Agreed. I recently moved into a new house. The builder put in a "clare smart home system." This included a clare home display mounted in the hallway with an inward facing camera. This device is exclusively controlled by security/smart home companies that contract with clare. I have no option to disable the camera, disable the phoning home, etc. In fact, before I can do anything meaningful on the device, they required an in-home appointment where they would set up every smart device in the house for "free," but future additions would require a paid service call for them to come out and set them up.

I had emailed them asking about whether there was an alarm system, and before I got any reply I found an option on the display to activate the alarm. Which I did. But before it actually activated (it gave some sort of countdown), I pressed Cancel. It prompted me for a PIN, which I could only get from the installers. I had no option to cancel the alarm other than to cut power to the device, but once I pulled it off the wall it started wailing a tamper alarm that wouldn't stop until I pulled the backup battery. Oh and I found out later that it was snapping photos of me against my will and without my permission. Please note this all happened before the in-home appointment (which never happened).

I canceled the appointment, permanently tore the thing off the wall, and it's destined for a landfill because the only way to get it to work is to activate it through that alarm company. Oh and they won't even return my calls/emails after I canceled the appointment. I tried calling them to see if they wanted it so they could use it as a warranty replacement or something, instead of putting it in the garbage.

Every "smart" thing they put in this house sucks. The Ring doorbell doesn't function as a doorbell if it loses wifi connection. Oh and when it's connected, the initial press does ring the doorbell, but subsequent presses don't ring the doorbell, and this is by design. During the brief time I had it connected, I was getting constant alerts of suspicious people in my neighborhood, with attached photos of black people walking on a sidewalk. what!? It turns out it didn't recognize my address so connected me to some default place in Texas (I live in Washington!). There was no way to manually select a location, so I guess I was going to get false, racist alerts until such time as Ring decided to recognize my address. I reset it and canceled my Ring account. I'm going to replace it with a normal door bell button. This is getting thrown in the garbage as well.
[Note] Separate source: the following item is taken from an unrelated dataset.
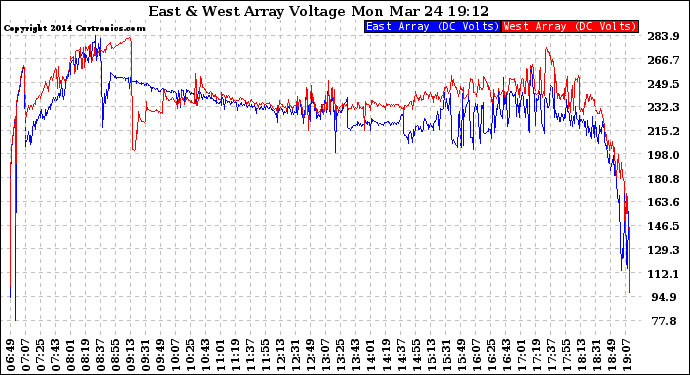 Solar PV/Inverter Performance Photovoltaic Panel Voltage Output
The "smart" z-wave switches haven't been connected/activated so should function as normal switches right? Nope, they do this stupid dim/undim thing and periodically completely fail to work until I turn off/on the circuit breaker. Another 5 items destined for a landfill to be replaced by regular switches.
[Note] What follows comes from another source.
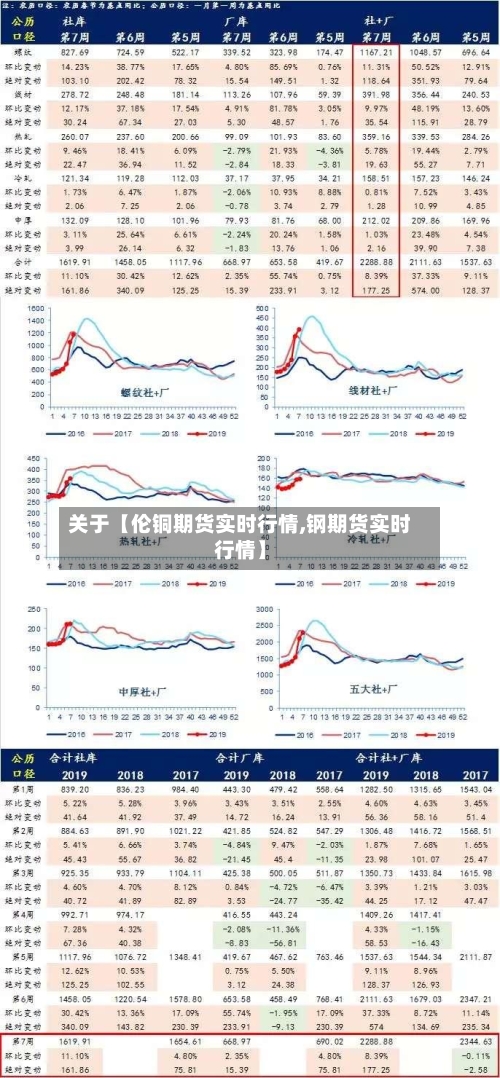 关于【伦铜期货实时行情,钢期货实时行情】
The smart front door lock (keypad) and smart garage door openers have never been connected to anything and I'm going to leave them that way. I really wish there was a hardware kill switch that would disable all wireless connections and leave them in a dumb mode. I'm worried someone else can come in and connect their phone or something, since I've never set them up.

(in case anyone wants a free clare home panel, PM me an address to mail it to and I'll send it; rather have someone tinker with or hack it than trash it)

1 comments

> The Ring doorbell doesn't function as a doorbell if it loses wifi connection. Oh and when it's connected, the initial press does ring the doorbell, but subsequent presses don't ring the doorbell, and this is by design. During the brief time I had it connected

The Ring doorbell absolutely works as a mechanical doorbell if it's hard-wired into the doorbell system in the house...if there is one.

Other than that, totally agree with you re: built-in "smart home" systems. They are cheap systems builders use to drive the home price up that you don't have much control over.

If we build our own house, I'll ask for non-smart devices but replace them with my own. I LOVE our smart home stuff.

> The Ring doorbell absolutely works as a mechanical doorbell if it's hard-wired into the doorbell system in the house...if there is one.

When the ring doorbell lost wifi, because we changed ISPs, it no longer functioned as a doorbell. When pressed, it would only make the chime outside at the button, it would not ring inside the house. Yes it's hard wired to a doorbell inside the house.

When connected to wifi and active, when the ring doorbell button is pressed, it will ring inside the house one single time. Then it starts recording, by default for 2 minutes. During the time it's recording, if the button is pressed again, the button press is completely ignored. So by default you can ring the doorbell 1 time every 2 minutes -- anything more often gets ignored. There is a huge bug report / thread about this on ring's site and they just say it's by design.

When the ring doorbell is completely disconnected from wifi and reset back to factory settings, it indeed functions as a regular doorbell. But it also has a spinning light that notifies everybody that it's not set up and is not recording.

My brother in law works for a home builder that installs Ring doorbell buttons by default on all their homes. He said he noticed that about half of them get replaced with a regular doorbell button or a different "smart/camera" doorbell within a few weeks of initial move-in.

Very interesting. I didn't know it was this nuanced. Thanks for breaking it down!